BIDLACK | Kudos to Colorado’s ‘red flag’ law; Congress should follow suit

Like most of you gentle readers, I know where I was 20 years ago, when I first heard the news of a school shooting at Columbine. I was in my office at the Air Force Academy, but the evening before, when presumably the two shooters (whose names I shall not repeat) were in their final stages of prepping for horror, I was at Coors Field with the rest of the Political Science Department, out for our annual ball game.
I couldn’t help but ponder that while my colleagues and I were enjoying a Rockies win, only a few blocks away Hell was being planned.

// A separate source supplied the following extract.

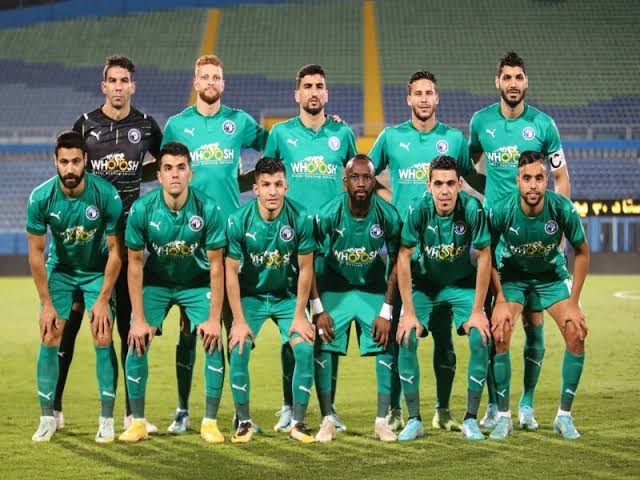 رمضان وفخري في الهجموم.. تشكيل بيراميدز أمام الأهلي بكأس السوبر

Many Coloradans, I suspect, have particular memories and feelings associated with Columbine. As the first mass shooting in a school, at least in many years, Columbine shocked the nation. But for those of us here in our home of Colorado, it was especially painful. These were our neighbors, and we ached for their lost futures. And, many of us thought, something needs to be done. Something, please!
In the years since, our news has all-too-often been dominated by school shootings. When I was an Air Force cop, I often patrolled around the three public schools that were on the Academy’s grounds. I knew that my presence was likely both reassuring and troubling to some.

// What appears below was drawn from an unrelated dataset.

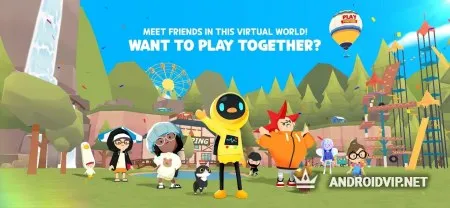 Play Together фото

When I go to a school to officiate a basketball or a football game, I am escorted past locked doors and metal detectors, past students who likely had an active shooter drill in their school schedules. But something more needs to be done, and I’m proud of Colorado trying to be a leader in this area, specifically the recent Red Flag bill that was signed into law. I’m not going to re-argue the now-law, and I understand that good people can disagree on this issue, but the recent news story of the troubled young woman from Florida, seemingly intent on harming students somewhere, demonstrates both the potential and the weaknesses of this new law.
If the media has it mostly correct, the young woman was obsessed with the Columbine shooting. She is alleged to have travelled from Florida, to have purchased a shotgun and ammo, and then, presumably, to be planning another horrific shooting. We’ll never fully know, because that deeply troubled young person took her own life with her new gun.

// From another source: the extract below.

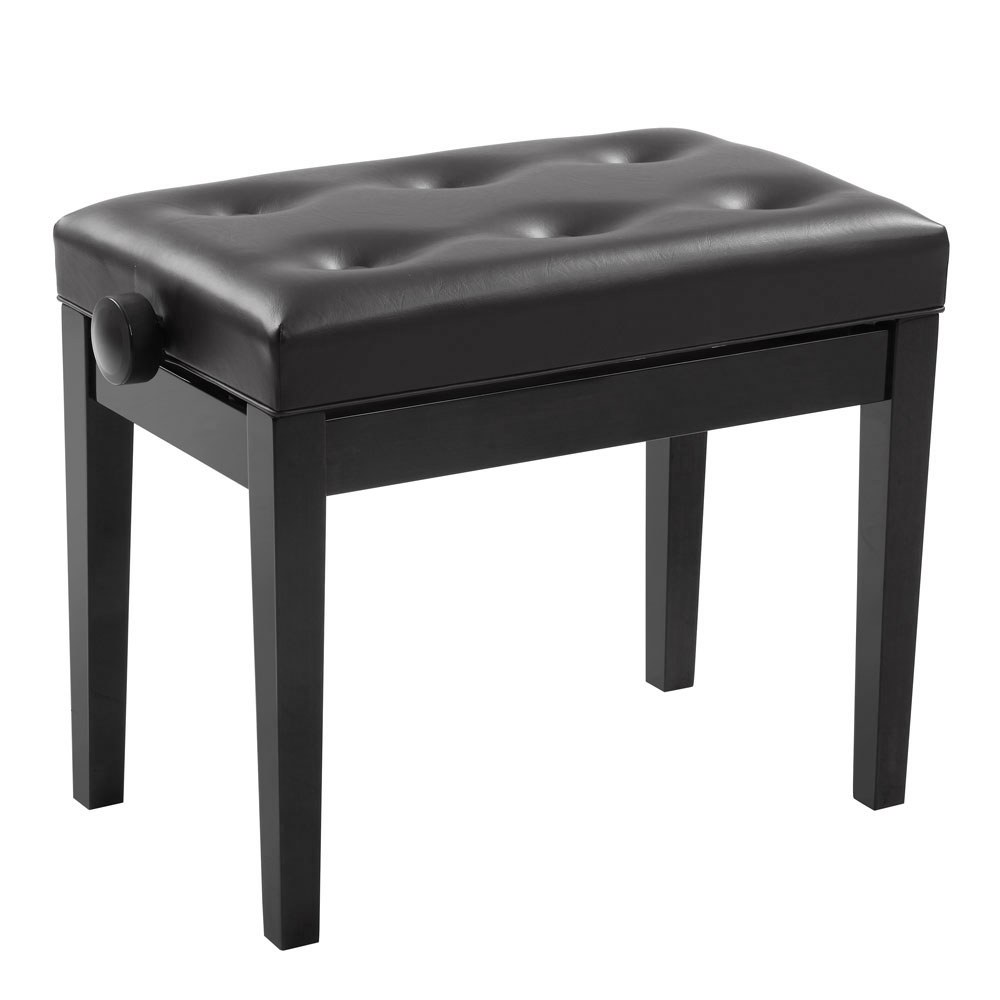 כסא לפסנתר HAILUN XD2S BLACK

Her social media postings paint a picture of an angry and dangerous person, with an obsession regarding Columbine and death. And her case shows the possible strengths of this new law as well as its limitations. If such a law was national, and a national database was kept (as we do for cars. I could “run a plate” on any car I pulled over), it is not unreasonable that her erratic behavior and postings might have gotten the attention of her family or of local authorities, who might have placed the temporary block in place to keep her from buying a gun.
As it happened, she got her gun easily, as was the case with each of the several guns I’ve purchased. I just had to hang around the gun store for about 30 minutes while they ran a very basic background check, and then handed me my weapon. The Colorado gun store did nothing wrong, in my view, given that they had no information about the young woman, nor did she act in any way that might give them pause about selling to her.
But had this law been in effect, and had she been a Coloradan, her family (and my heart goes out to them) might have picked up the phone and just might have prevented the gun sale and the subsequent tragic outcome. And her death is a tragedy, but I know many of us can’t help but think how much worse it could have been if she had made it to a school with her shotgun.
In Florida, where they have such a law, in the first 4 months of the new law, state officials had taken guns from 450 individuals purported to be an immediate danger to themselves and others, in a state with a population of over 21 million. Not exactly “they are coming for our guns!” kinds of numbers, and I suspect there were lives saved in those 450 cases. A Duke University study estimated that one suicide was prevented for roughly every 10 temporary gun removals or refusals. With the veteran suicide rate hovering around 20 per day, I find this issue intensely personal.
But, until we have a national law, the weak point of any Red Flag law will be the state border. If conservative Indiana and liberal California can both have Red Flag laws, perhaps we could get beyond politics on this one, and actually, well, do something? I doubt it, but fingers crossed.
Hal Bidlack is a retired professor of political science and a retired Air Force lieutenant colonel who taught more than 17 years at the U.S. Air Force Academy in Colorado Springs.